Submitted by Simon Black via SovereignMan.com,
Shocking. Astonishing. Jaw dropping.
There’s just no other way to describe how cheap South Africa is right now.
Between the worldwide decline in commodities prices, and a major crisis of confidence in the national government here, the local currency (South African rand) remains at the lowest level it’s been… ever.
And that’s made nearly EVERYTHING here dirt cheap if you’re spending foreign currency… especially US dollars.
Just doing something simple like eating out at a restaurant or going to the grocery store can be startling.
Once you do the math and convert the prices back to US dollars, it almost seems like you’re missing a zero.
This also carries over into many asset prices, including certain areas in the property market.
Here in Johannesburg, I saw an amazing home for sale in one of the nicest, upscale neighborhoods with an asking price of about $515,000 US dollars.
Now, half a million bucks might not sound terribly cheap– until you find out what you’re getting for the money.
The house is an enormous seven-bedroom compound of nearly 13,000 square feet.
Pool. Courtyard. Fountains. Private chef’s kitchen. Parking for eight. Separate home for live-in staff. Wonderful neighborhood with top schools, shops, and restaurants.
Something like this would go for at least 20 times that price in Los Angeles, and 40 times the price in London.
Much of this price mismatch is due to the currency anomaly– that the South African rand is so undervalued, AND that the US dollar is so overvalued.
Perhaps this is most obvious when looking at the travel package I just bought.
Longtime readers know that I’m a big fan of special “round the world” fares that major airline alliances offer.
I’ve written about this before— all three of the major global airline alliances offer special fares for passengers when you travel completely around the world.
A typical journey might be, for example, Los Angeles to London to Singapore to Sydney and back to Los Angeles again.
That itinerary takes you all the way around the world, and you’ll pay one simple fare that’s usually quite attractive.
Typically the round-the-world fare is calculated based on the country where you depart.
So if your journey starts and stops from London, your fare will be quoted and priced in British pounds.
But if your journey starts and stops in Los Angeles, your fare will be quoted and priced in US dollars.
The strange thing is that when you convert the currencies, the amounts won’t match even though the journey is essentially the same.
In other words, LA-London-Singapore-Sydney-LA costs $11,400, while Sydney-LA-London-Singapore-Sydney costs AUD 13,600, or about $9,875 USD.
That’s more than a $1500 difference.
This doesn’t make any sense since both itineraries are comprised of the exact same flights, i.e. Sydney to LA, LA to London, London to Singapore, Singapore to Sydney.
The flights are simply in a different order. That’s all. The price should be more or less the same.
And yet, due to these major anomalies in the currency markets, there are major differences in the fares.
Here in South Africa, I’ve just booked a business class ticket that goes from Johannesburg to Asia, then the US, Chile, Madrid, London, and back to Johannesburg.

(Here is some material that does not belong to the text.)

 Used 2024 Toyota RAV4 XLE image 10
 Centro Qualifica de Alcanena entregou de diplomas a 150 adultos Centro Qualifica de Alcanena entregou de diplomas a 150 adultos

The price I paid was 70,000 South African rand.
But due to the rand being near it’s all-time low, that’s the equivalent of just $4,500.
To put this in perspective, the same itinerary starting and stopping in the US costs about $12,500 in business, and over $6,600 in economy class.
Crazy. I paid 30% less to fly in business class for the exact same flights that someone would pay in US dollars to fly in economy class.
Clearly this makes no sense (but I’m happy to take the deal).
The reason is obvious: the rand is undervalued relative to the US dollar.
Ten years ago it was the opposite: the US dollar was deeply undervalued relative to other currencies.
Oil was expensive, and major commodities exporters from Brazil to Australia, and even here in South Africa, had overvalued currencies.
Now the pendulum has swung in the other direction.
Commodities prices have plunged, and those same exporters are experiencing major economic slowdowns. Their currencies have all been punished.
Undoubtedly the right equilibrium is somewhere in the middle.
But markets rarely find the equilibrium. They almost always overcorrect.
So now the rand has plummeted and become absurdly weak, while it’s the US dollar that has become extremely expensive.
Sure, it’s possible that the dollar becomes even stronger (and the rand weaker).
But these things routinely go in cycles, and there will be a correction. There always is.
So anyone who owns US dollars has an opportunity right now to trade overvalued pieces of paper for undervalued real assets… as long as you look abroad.
Part of being a Sovereign Man is having a global view– expanding one’s thinking to the entire world.
I’ve written before about how our company is acquiring or has already purchased productive farmland in central Chile, deeply undervalued, profitable businesses in Australia, and real estate in Colombia.
These are all REAL assets. And as long as central bankers continue to print paper money without restraint or regard for the consequences, it’s critical to own something real.
Gold and silver are also real assets, and both are historically inexpensive relative to the US dollar.
Bottom line: take advantage of this opportunity to trade your paper for something of value. It won’t last.